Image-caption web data
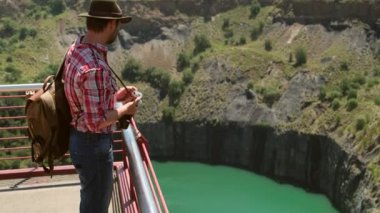 Maden ocağında bakır, gümüş, altın ve diğer madenleri yüklüyorlar. Eski altın madeni yeraltı tüneli. Sırt çantalı bir erkek gezgin altın ve elmasları çıkardıktan sonra taş ocağının fotoğraflarını çekiyor.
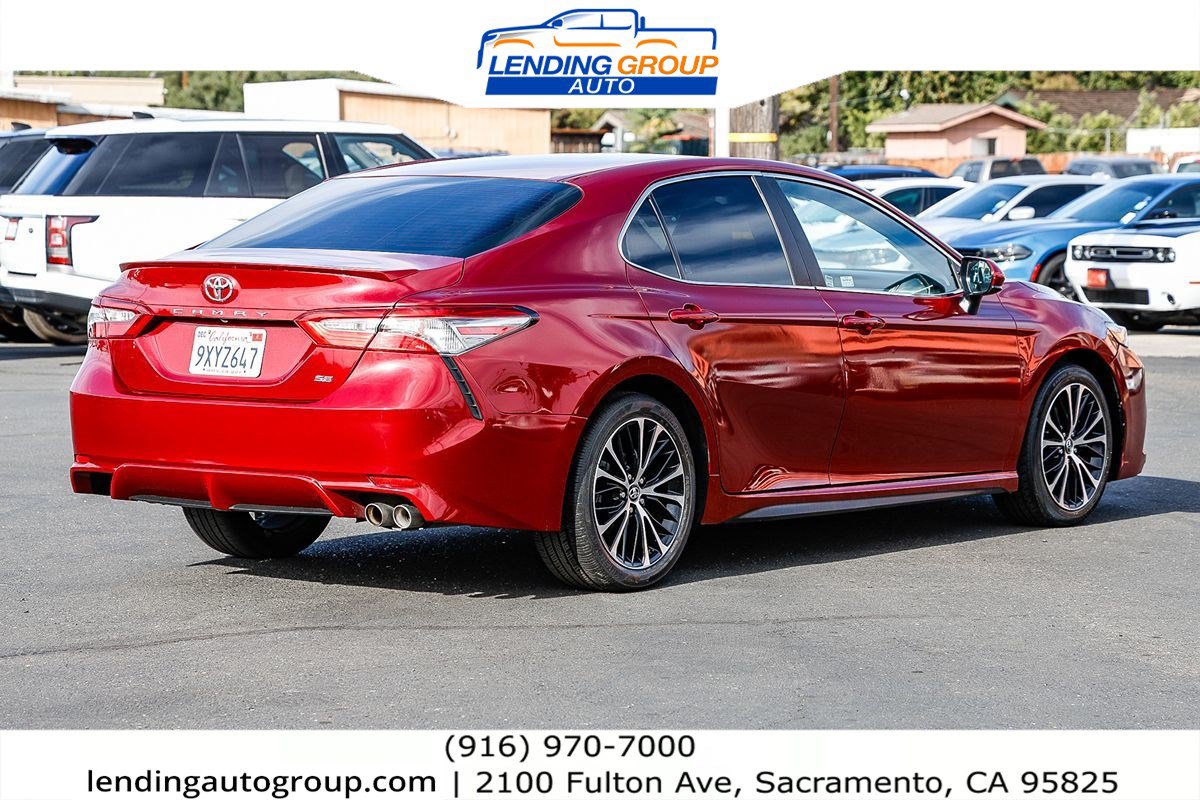 Used 2018 Toyota Camry SE w/ Accessory Appearance Package FWD image 4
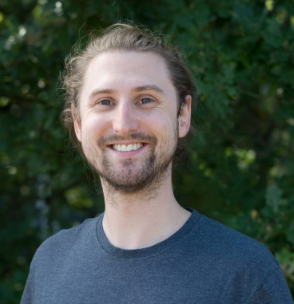 Dr. Sebastian Strauß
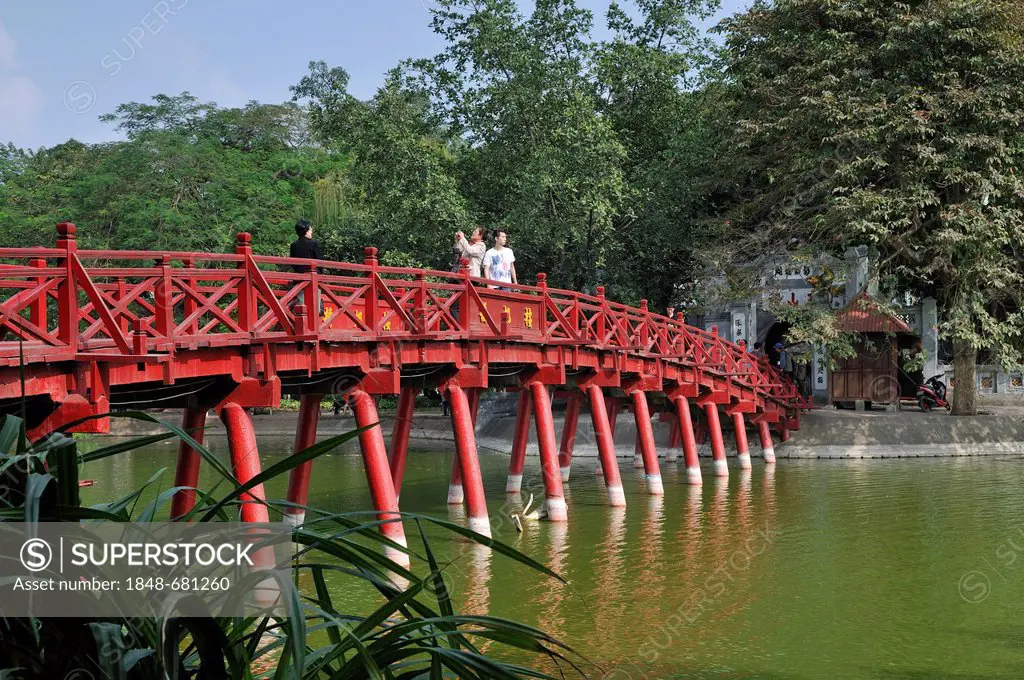 The Huc bridge over the Hoan Kiem Lake, Hanoi, Vietnam, Southeast Asia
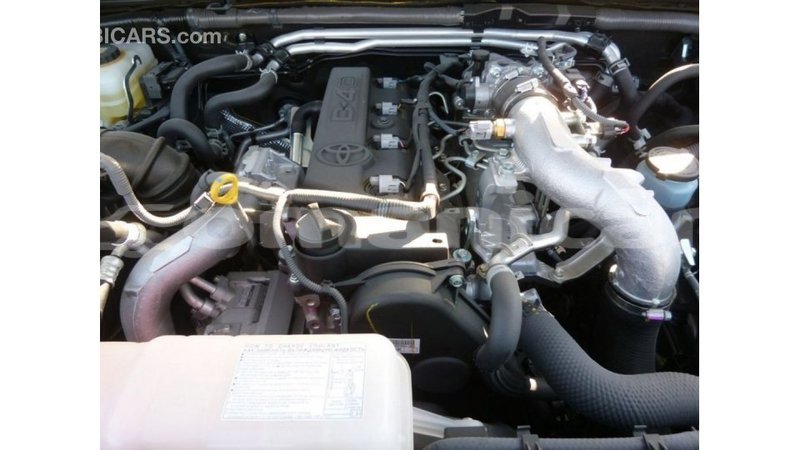 Big with watermark toyota prado dhufar import dubai 3181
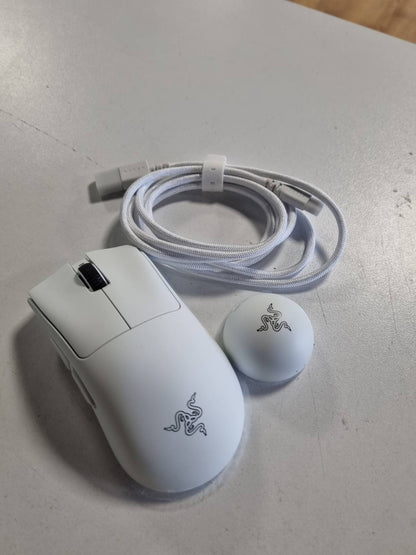308593 - RAZER DEATHADDER V4 PRO - Maus elektronik pa tel, ergonomik, ultra i lehtë - 57g - 2.4 GHz Hyperspeed - Sensor Focus Pro 45K - 8K Hz Polling - Çelësa optikë Gen-4 - PC/Mac | E bardhë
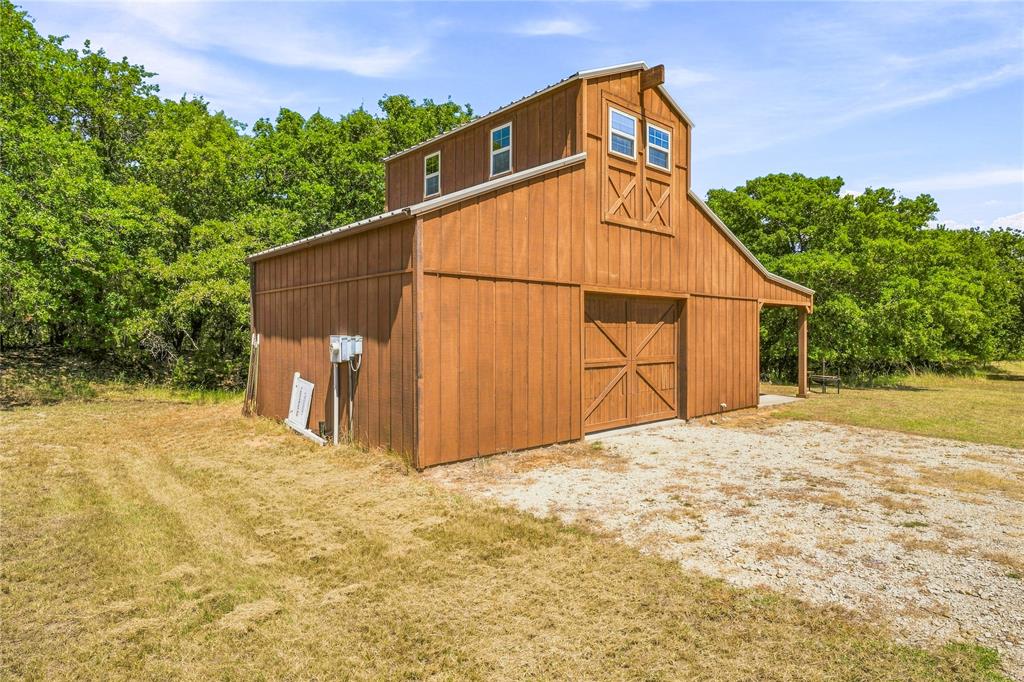 160 Private Road 2161 Property Photo 10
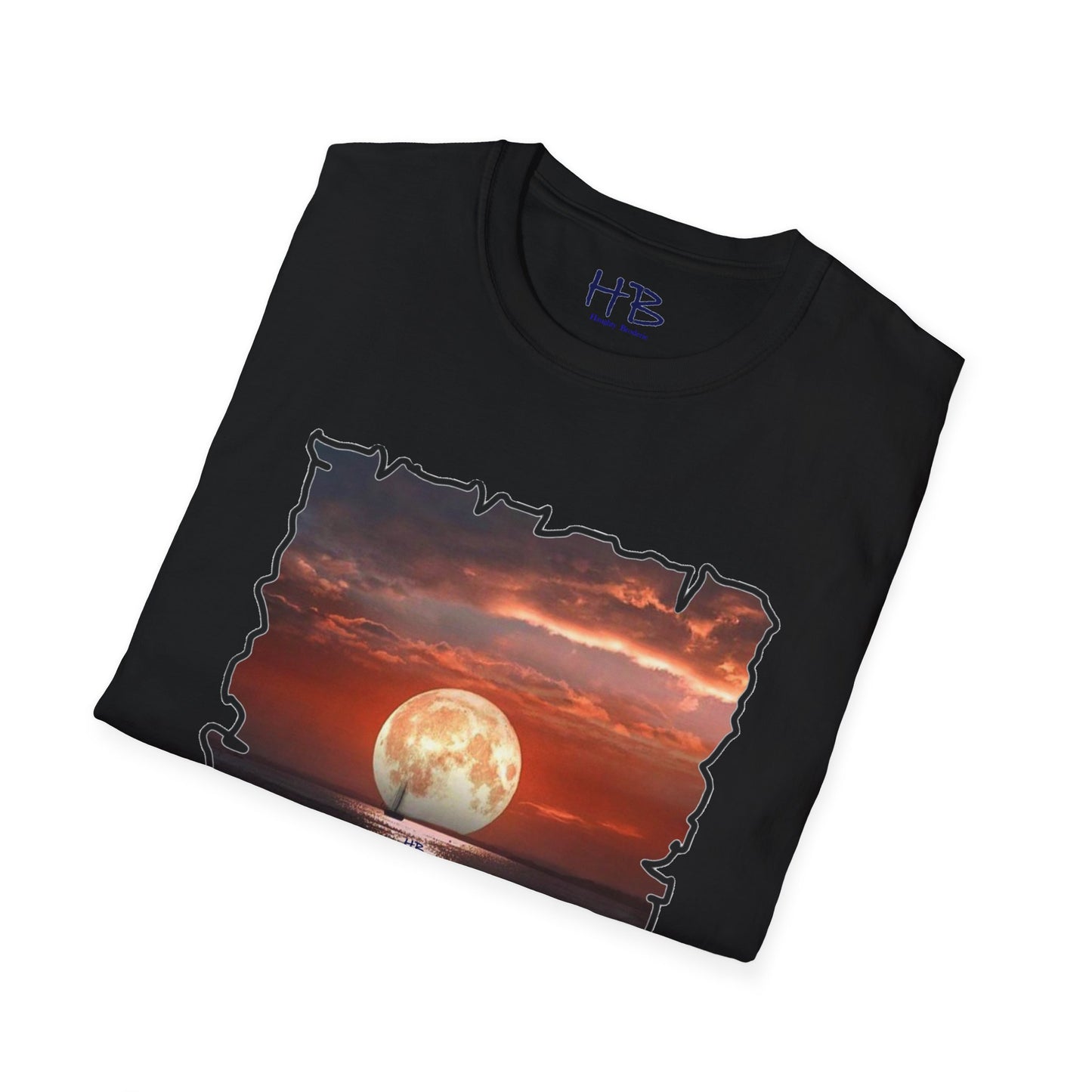 Moon with dark sky vast ocean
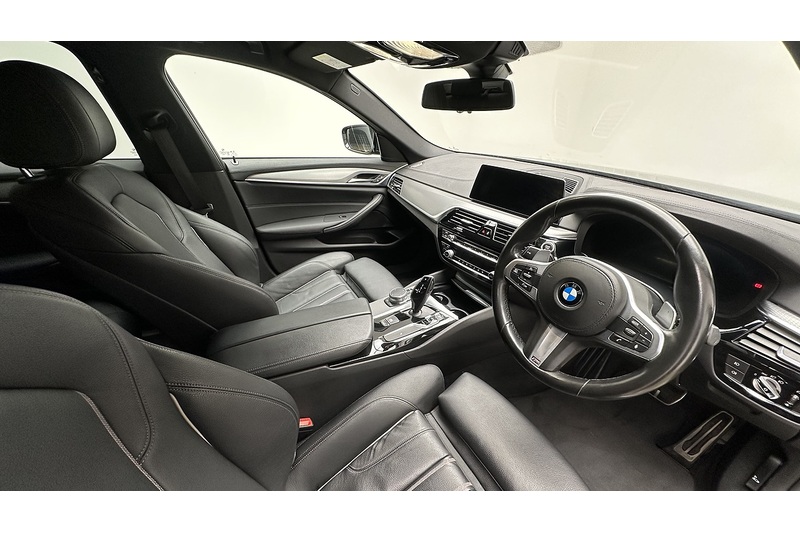 BMW 5 Series 530d M Sport - U2833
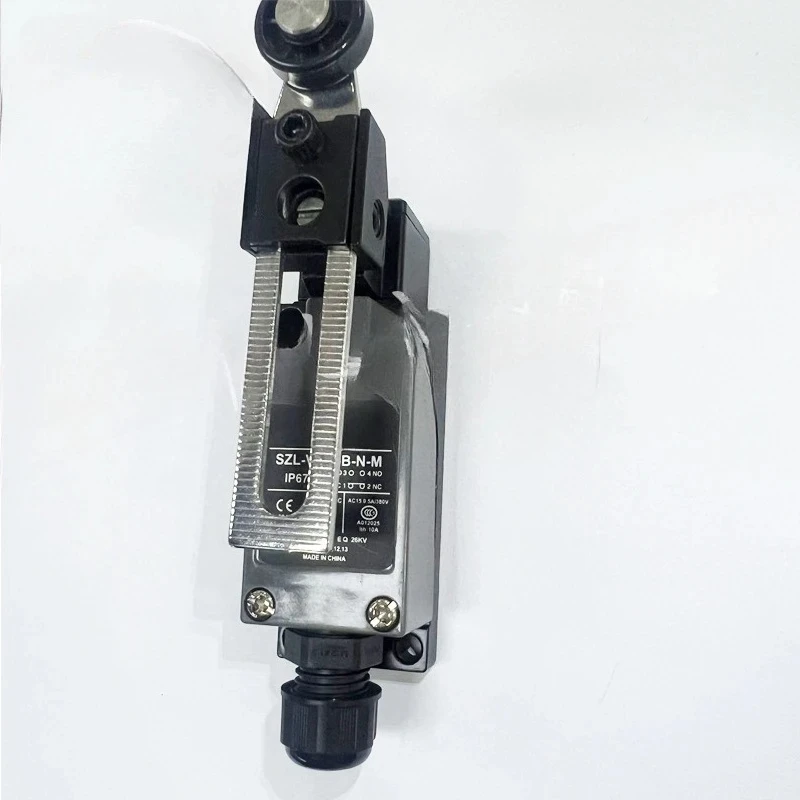 Совершенно новый оригинальный SZL-VL-S-B-N-M боковой поворотный рычаг концевой выключатель 220 В постоянного тока 0,05 А механический Быстрая доставка
Совершенно новый оригинальный SZL-VL-S-B-N-M боковой поворотный рычаг концевой выключатель 220 В постоянного тока 0,05 А механический Быстрая доставка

Task requirements –
The answer must consist of the line containing "BMW 5 Series 530d M Sport - U2833" and every line after it through the end of the records, retyped exactly, with all pictures left out.

Solved problem –
 BMW 5 Series 530d M Sport - U2833
 Совершенно новый оригинальный SZL-VL-S-B-N-M боковой поворотный рычаг концевой выключатель 220 В постоянного тока 0,05 А механический Быстрая доставка
Совершенно новый оригинальный SZL-VL-S-B-N-M боковой поворотный рычаг концевой выключатель 220 В постоянного тока 0,05 А механический Быстрая доставка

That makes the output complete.